Make no mistake: The knock-down, drag-out battle in Wisconsin is based on total self-interest, pushing for past privileges, recast as workers' "rights" that ultimately could bankrupt that state. One would think "collective bargaining rights" are immutable, found in the Bill of Rights, or in The Universal Rights of Man, to hear the public union officials and their lackeys in the Legislature. It is simply not so.
No matter how often the Orwellian construction of "rights" is flung to describe collective bargaining, it does not make it so. A lie, a mantra repeated incessantly, is not truth, no matter how fervently held.
The battle in Wisconsin, a war now spreading to other states, casts a dark shadow over efforts to balance state budgets fairly, not on the backs of any class -- say, regular taxpayers. Not to favor one class of workers, public employees, over the private sector employees, is only fair. Somehow ordinary back-home folks have figured out that someone -- namely, private sector taxpayers -- were paying 100% of public employees' pension plans and about 94% of their generous health plan costs in Wisconsin.
Not a square deal at all, truth be told. But tell that to the union bosses.

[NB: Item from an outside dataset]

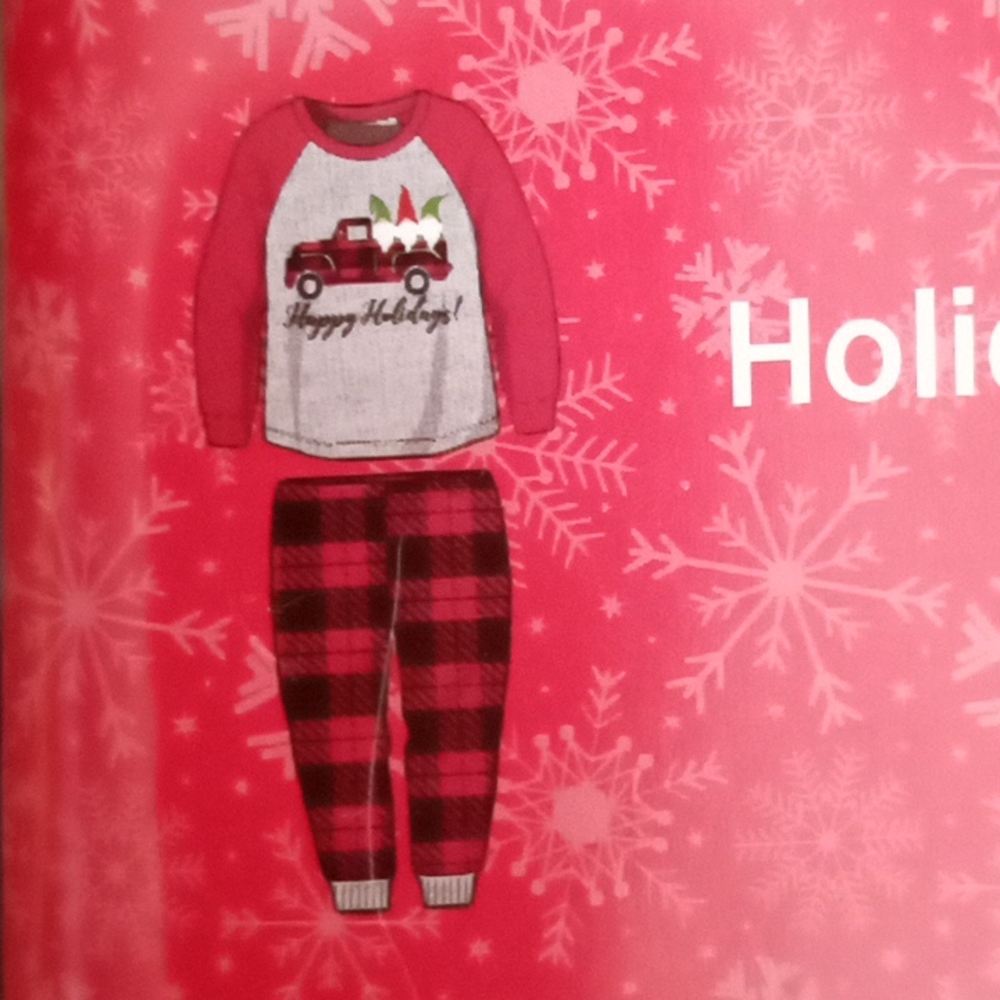 ⛄️ Holiday PJs - Picture 9 of 15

Largess to public employees is a budget breaker -- in Wisconsin's case, $3.6 billion in the near term. (It's even more in other states -- over $5 billion budget shortfall next-door in big-spending Minnesota.)
During the protests in Madison, and the virtual takeover of the Capitol by chanting protesters, the drop-dead ethos of pro-union crowds was glimpsed for what it was -- an unruly, irrational mob preaching the righteousness of a wrong cause of the privileged prevailing over, well, prevailing over common economic sense.
On Madison's State Street, the frenzy is reflected in this exchange, recorded practically word-for-word by a retired Army officer, overhead at the Expresso Royale Cafe. One white male is talking animatedly to another. They are about 50 years old, believed by the observer to be university (public) employees on lunch break:
Man 1: "Governor Scott Walker must be stopped, he's a NAZI."
Man 2: "That might be a strong comparison."
#1: "No, he must be stopped. They are calling our protesters union thugs. Walker will destroy democracy and freedom."
#2: "What should we do?"
#1: "I hope he's shot. But we should take them out of government to save the future. We will have to save the people from Republicans. Our small group will have to change the makeup of the government."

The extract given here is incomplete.